Nata in Kuwait, dove suo padre lavorava come professore di letteratura inglese in un’università, Bakr ha vissuto nel Paese del Golfo per 14 anni e poi è tornata in Egitto per terminare i suoi studi. Lì ha studiato Amministrazione ed Economia.

A febbraio, la diplomatica ha assunto l’incarico a San Paolo, dove dovrebbe rimanere per quattro anni. Questo è il suo terzo incarico internazionale, dopo aver trascorso quattro anni nella Repubblica Ceca e altri quattro in Turchia, dove è stata anche console. Bakr si occupa da vent’anni di diplomazia commerciale.

Il console intende espandere le relazioni commerciali tra i paesi, vuole che le aziende brasiliane investano in Egitto e stabiliscano fabbriche lì e vuole che gli imprenditori brasiliani acquistino più prodotti dal paese arabo.

Per Bakr, la sfida più grande nel suo nuovo incarico sarà far conoscere meglio il mercato egiziano agli uomini d’affari brasiliani in modo che il Brasile possa acquistare di più dall’Egitto.

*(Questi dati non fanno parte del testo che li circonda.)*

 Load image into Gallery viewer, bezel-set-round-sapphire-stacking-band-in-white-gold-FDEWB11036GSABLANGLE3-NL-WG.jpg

Secondo lei, il Brasile ha già una buona immagine in Egitto, essendo uno dei maggiori esportatori di cibo al mondo.

Sull’accordo Mercosur-Egitto, Bakr ha detto che potrebbe esserci una riunione del comitato commerciale tra giugno e luglio per rivedere l’accordo e i suoi risultati. Secondo il console, i prodotti da includere a settembre provengono dai settori dell’edilizia, del tessile e delle fibre.

Il diplomatico ha affermato che i numeri sono in crescita per le importazioni di aglio e olive egiziane. Per quanto riguarda la presenza femminile nel business egiziano, Bakr ha affermato che in un recente incontro con donne d’affari, ha consigliato loro di vendere cosmetici biologici e naturali in Brasile, come l’henné e le creme per il corpo. Ha anche incoraggiato le donne d’affari a esportare oggetti decorativi come repliche di piramidi, sfingi e statue di faraoni.